Almendra, mandorla: intersección de vida
y muerte, de Cielo y Tierra.
El “Pesach”
hebrero (“pasja” griego, “pascae” latino: saltar por encima,
pasar, superar) simboliza la liberación de los israelitas de la esclavitud
egipcia. Moisés, pastor del rebaño de Dios, en el 1513 antes de Cristo, intuía
la tierra prometida y se aventuró a cruzar el Mar Rojo. El “Éxodo” da cuenta de ello. Es el principio
de la primavera, el paso de los pastos
de inviernos a los de primavera, el pastoreo de transición. La primera luna
llena del nuevo tiempo que pide el sacrificio de un cordero: cósmico, judío o
cristiano. Los ciclos culturales (naturales o religiosos) se buscan y se encuentran. “Solis dies”, “hemera heliou” (“Sunday”),
“domingo” (“dominicus dies”): resurrección, huevo solar genésico, redivivo. Todos
los domingos lo conmemoran, tras el sacrificio de la semana. Así, la pascua
cristiana se distancia de la judía como el “shabat”
del domingo.
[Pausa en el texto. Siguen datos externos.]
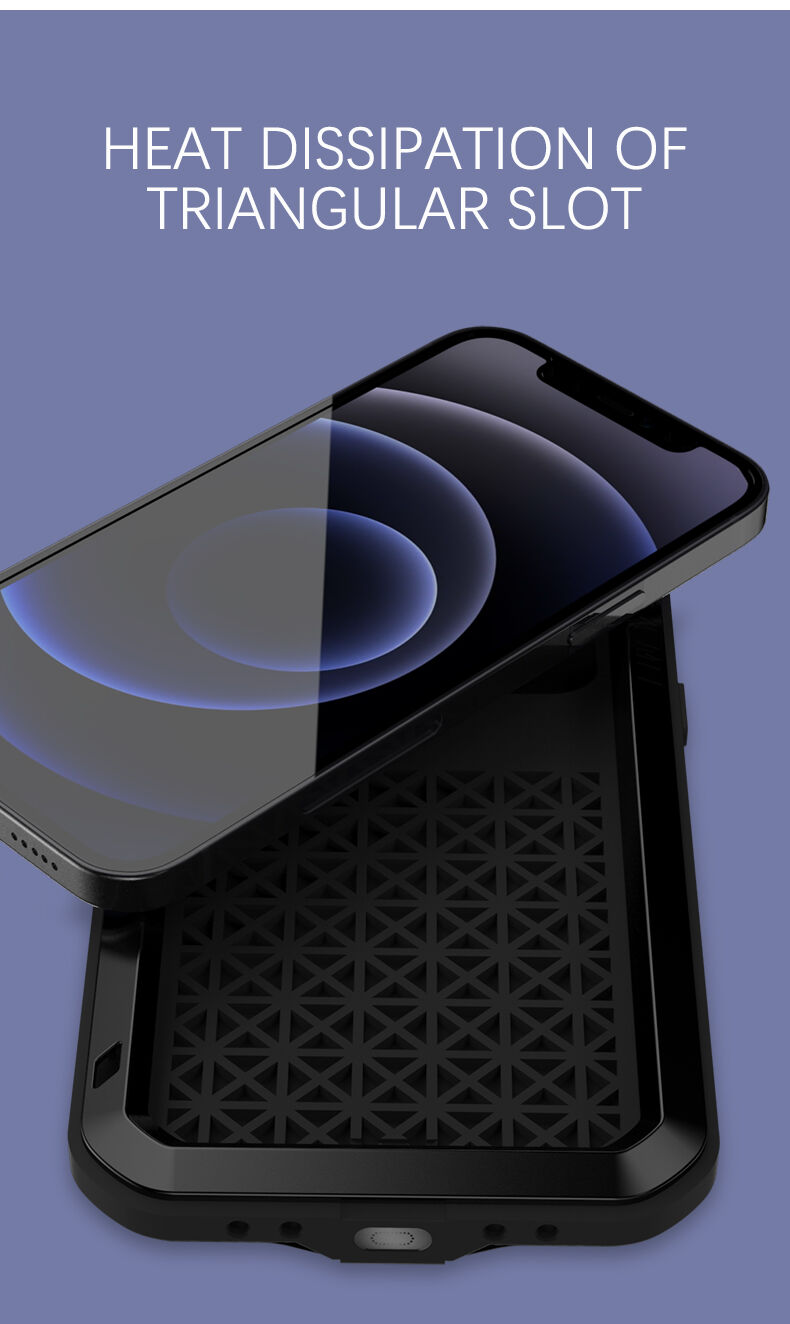 Love Mei super odolné pouzdro proti nárazu / vodě / prachu pro iPhone 12 mini - černé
Pero puerta abierta entre Yaveh y los hombres, aunque en horarios comerciales
diferentes, se abre.
Para nacer se precisa no ser. Y para
renacer, morir. La Pascua y su huevo son la esencia de esa dinámica vital.
El viernes santo muere Jesús, quizás
pensando en María de Magdala. Había sido laureado el domingo anterior en Jerusalén;
ungido de perfume por María de Betania, hermana de Lázaro, y colérico
expulsador de mercaderes del templo el lunes; visionario de la traición de su
sacrificio el martes; traicionado por Judas ante el Sanedrín en miércoles;
anfitrión de su transubstanciación, con lavado de pies de sus invitados incluido,
y besado por su discípulo en el huerto
de Getsemaní el jueves. Simón-Pedro lo niega tres veces el viernes de su
pasión: herético, ante un Caifás que está celebrando la pascua judía, es
derivado al gobernador romano Poncio Pilatos quien, como los pies de los
apóstoles su reo, se lava las manos ante la presión del Sanedrín: Barrabás, el
revolucionario contra la opresión romana, es salvado por aclamación frente al
críptico mesías. Azotes, “vía crucis”, “selfie”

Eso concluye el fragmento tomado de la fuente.